SB 579: Employees: time off.
- Session Year: 2015-2016
- House: Senate
(1)Existing law prohibits an employer who employs 25 or more employees working at the same location from discharging or discriminating against an employee who is a parent, guardian, or grandparent having custody of a child in a licensed child day care facility or in kindergarten or grades 1 to 12, inclusive, for taking off up to 40 hours each year for the purpose of participating in school activities, subject to specified conditions. Existing law requires an employee to provide documentation regarding these activities upon request by an employer and provides remedies to employees discharged, demoted, or in any other manner discriminated against as a result of his or her exercise of this right to take time off.
This bill would revise references to a child day care facility to instead refer to a child care provider.
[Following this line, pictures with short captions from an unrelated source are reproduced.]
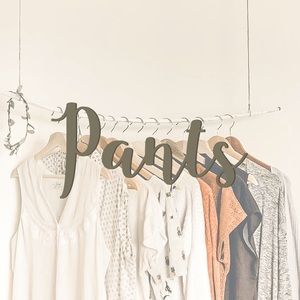 •••••••••••••••••••••••••••••••••••••••••••••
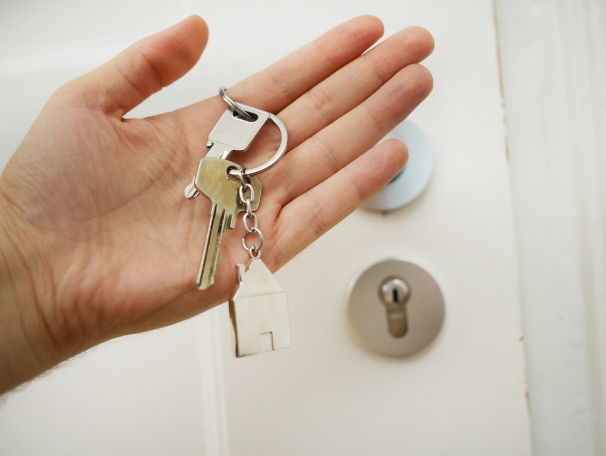 https://SamiKassem.StopRentingStartOwning.com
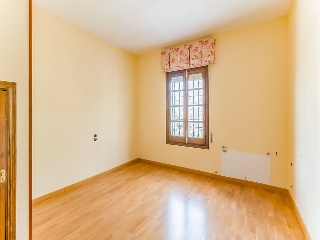 Vivienda en C/ Campos de Aras - Lucena - 37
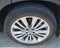 2024 Toyota Highlander Hybrid Platinum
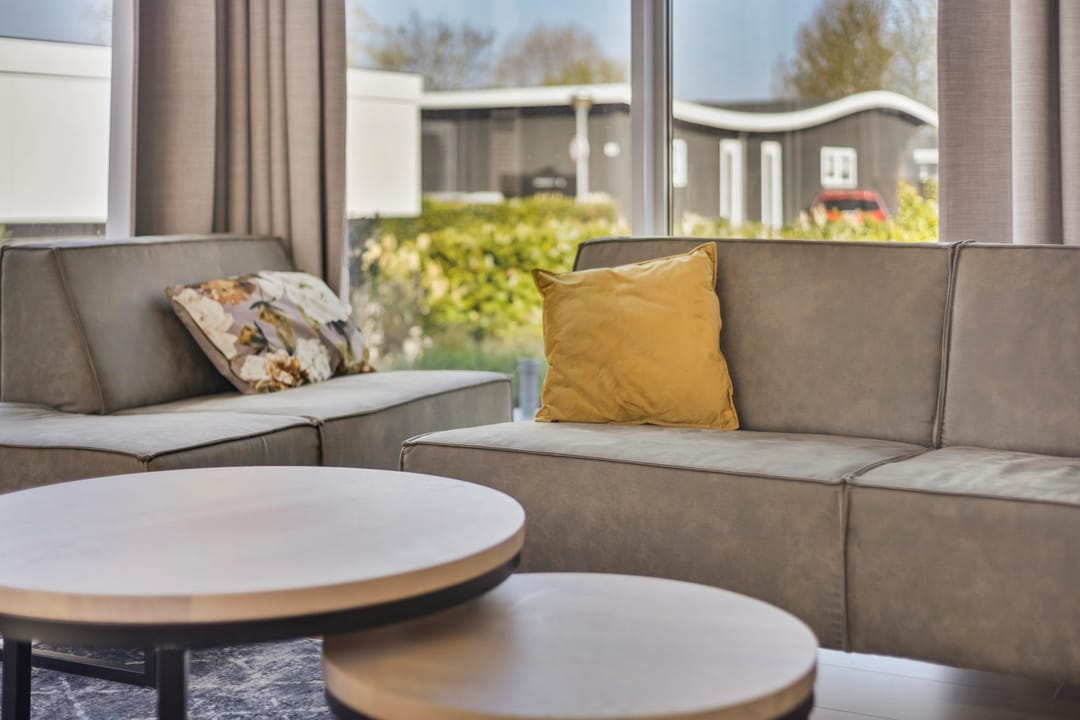 Photo 11 of Rijksstraatweg 186-179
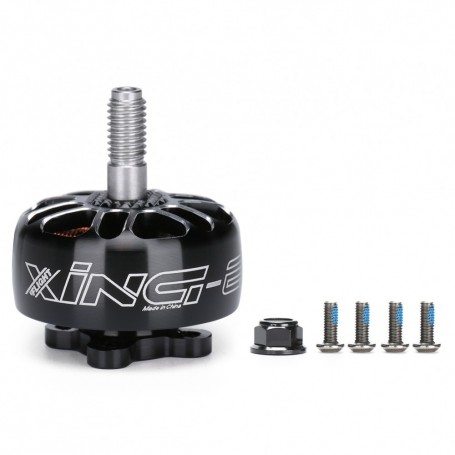 iFlight XING-E Pro 2207 2-6S FPV NextGen Motor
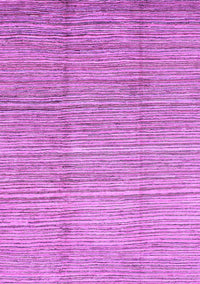 Abstract Purple Modern Rug, abs1573pur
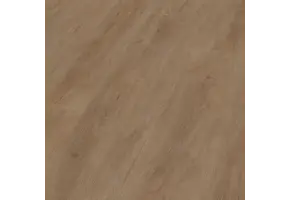 Floorlife Parramatta dryback dark oak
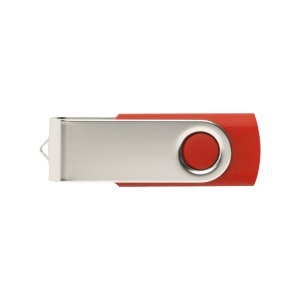 AP TwistDrive - USB flash drive - Img 54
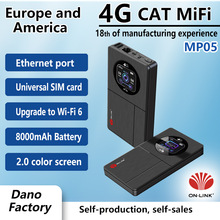 ���Q�����S��y��wifi10000mAh��늌��S��WIFI����4G�o���S��WiFi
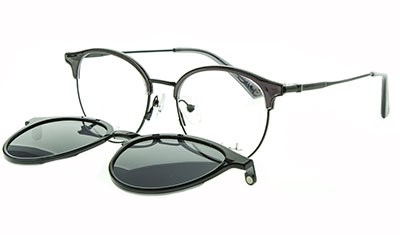 Neolook Glamour 2141т c323+насадка+фут - фото 33919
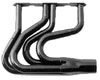 1-5/8^TO 1-3/4^ HEADER UPSWEPT LEFT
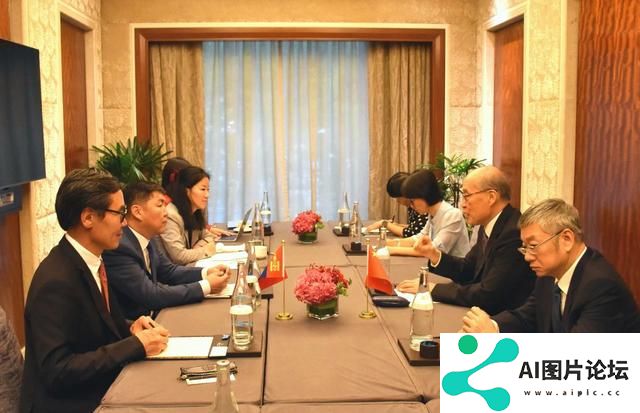 张军出席第19届亚太首席**官会议并作专题发言表示 深化人工智能领域的司法交流合作 努力为人类司法文明进步作出新贡献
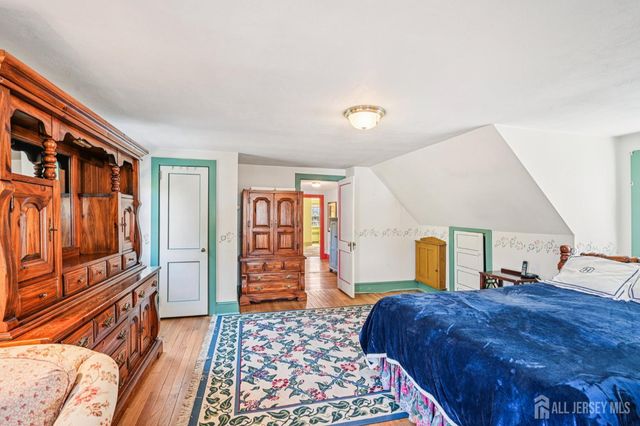 644 Parkway Avenue, Ewing, NJ 08618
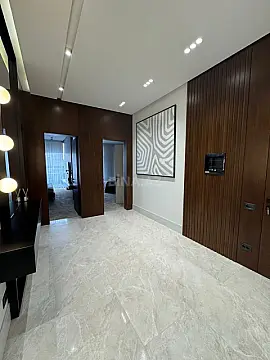 Satılır 4 otaqlı həyət evi 250 m²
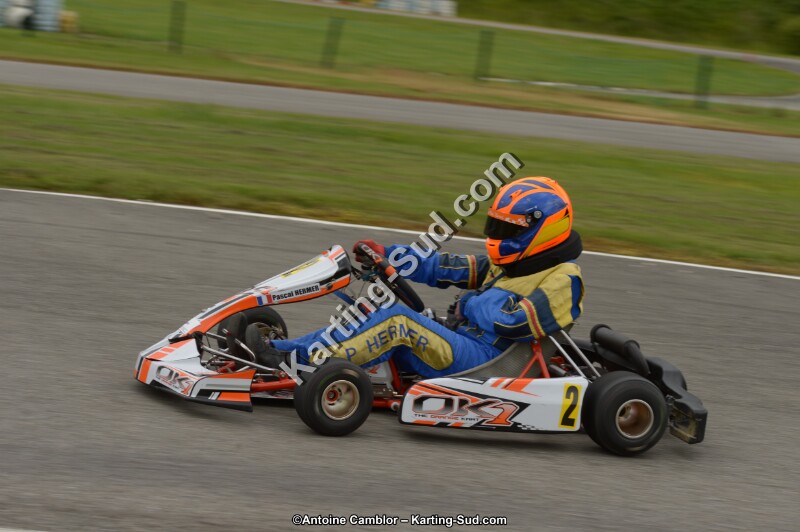 DSC_8192.jpg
The bill would include the addressing of a child care provider emergency or a school emergency, as defined, and the finding, enrolling, or reenrolling of a child in a school or with a child care provider as activities for which a parent having custody of a child shall not be discriminated against or discharged, as described above. The bill would define parent for these purposes as a parent, guardian, stepparent, foster parent, or grandparent of, or a person who stands in loco parentis to, a child, thereby extending these protections to an employee who is a stepparent or foster parent or who stands in loco parentis to a child.
(2)Existing law requires an employer who provides sick leave for employees to permit an employee to use the employees accrued and available sick leave entitlement to attend to the illness of a child, parent, spouse, or domestic partner and prohibits an employer from denying an employee the right to use sick leave or taking specific discriminatory action against an employee for using, or attempting to exercise the right to use, sick leave to attend to such an illness. Existing law defines sick leave for these purposes as leave provided for use by the employee during an absence from employment for specified reasons, including, but not limited to, an employees inability to perform his or her duties due to illness, injury, or a medical condition of the employee. The Healthy Workplaces, Healthy Families Act of 2014 requires an employer, upon the request of an employee, to provide paid sick days for a victim of domestic violence or the diagnosis, care, or treatment of an existing health condition of, or preventive care for, the employee or the employees family member, which is defined as including, in addition to the above-described relatives, grandparents, grandchildren, and siblings.
This bill would instead require an employer to permit an employee to use sick leave for the purposes specified in the Healthy Workplaces, Healthy Families Act of 2014, would redefine sick leave as leave provided for use by the employee during an absence from employment for these purposes, and would prohibit an employer from denying an employee the right to use sick leave or taking specific discriminatory action against an employee for using, or attempting to exercise the right to use, sick leave for these purposes.